20名のゲスト年齢も性別も職業も考え方も立ち位置もまちまちで、共通項は何か本を書いたことがあるということ程度(だから書店員である著者との関わりが生まれているわけだが)。著者と似たスタンスの人もいるし、考え方が結構違うんだなという人もいる。しかし20編の対談を全部読むと、不思議と統一感がある。色々違うところはあるが、自分と向き合い続ける姿勢、自分も他者も個として尊重する(しようと心がける)姿勢が共通しているのだ。

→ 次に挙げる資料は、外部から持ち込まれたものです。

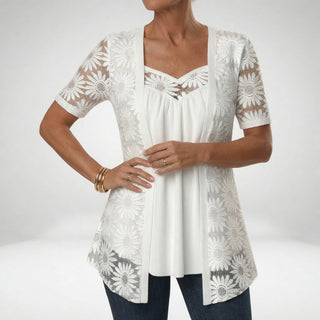 Prudence™ — Elegant feminine short-sleeved white lace blouse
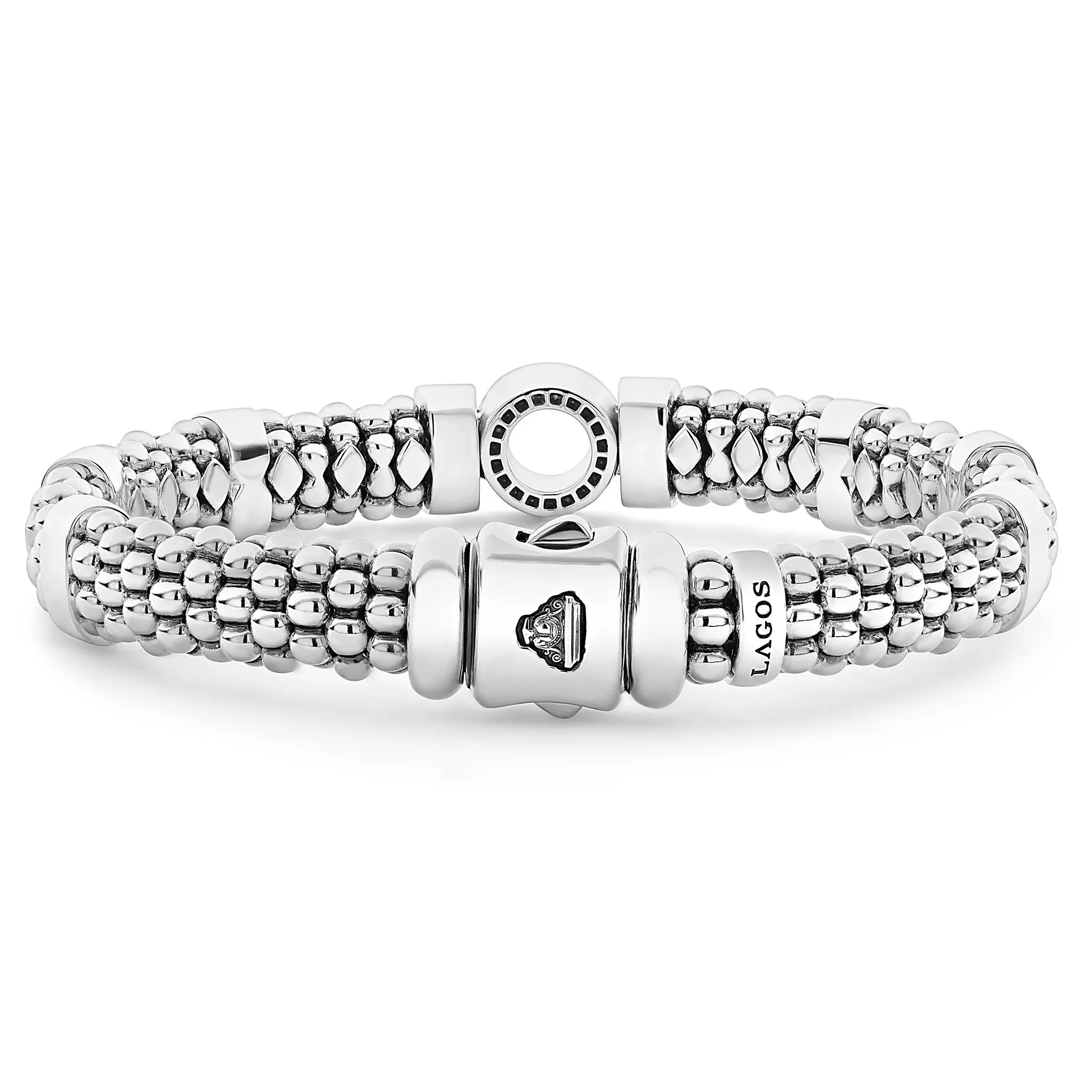 Caviar Spark Single Station Diamond Circle Caviar Bracelet | 9mm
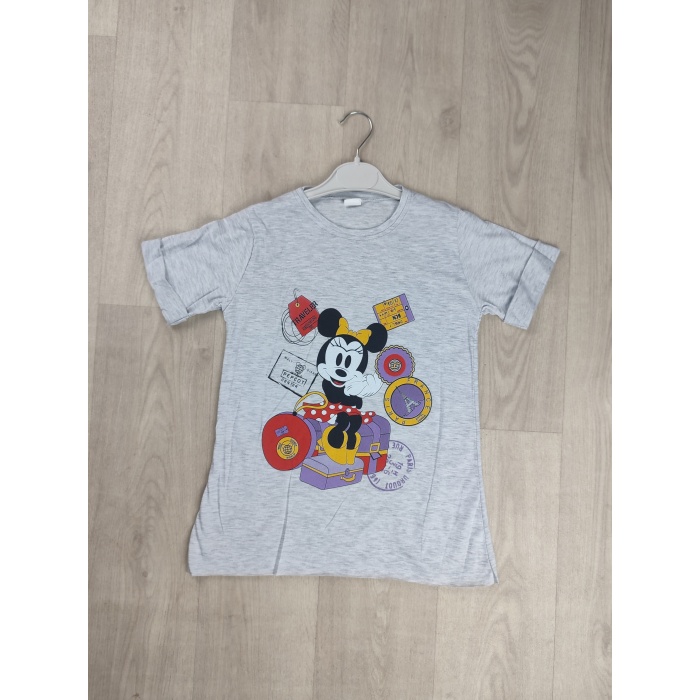Mickey Mouse Baskılı Kapri Kol Kız Çocuk Tişört - GBK106030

それにしてもどの対談相手もパワーワードの連打でとても面白かった。近年読んだ対談集の中ではぶっちぎりで読者としてのテンション上がった気がする。特に絵本作家ヨシタケシンスケとの対談「大人だって完璧ではない」、窪美澄との対談「子持ちの恋愛」は、著者のパートナーが子供のいる人であるという背景とあいまってやたらと説得力、切実さがあった。この2編が本著の最初に配置されているからインパクト強かったということもあるのだろうが、完璧でない人間がどうやって「大人」をやるのか、子供の前でどう振舞えばいいのかという所で話題がリレーされるような面白さがあった。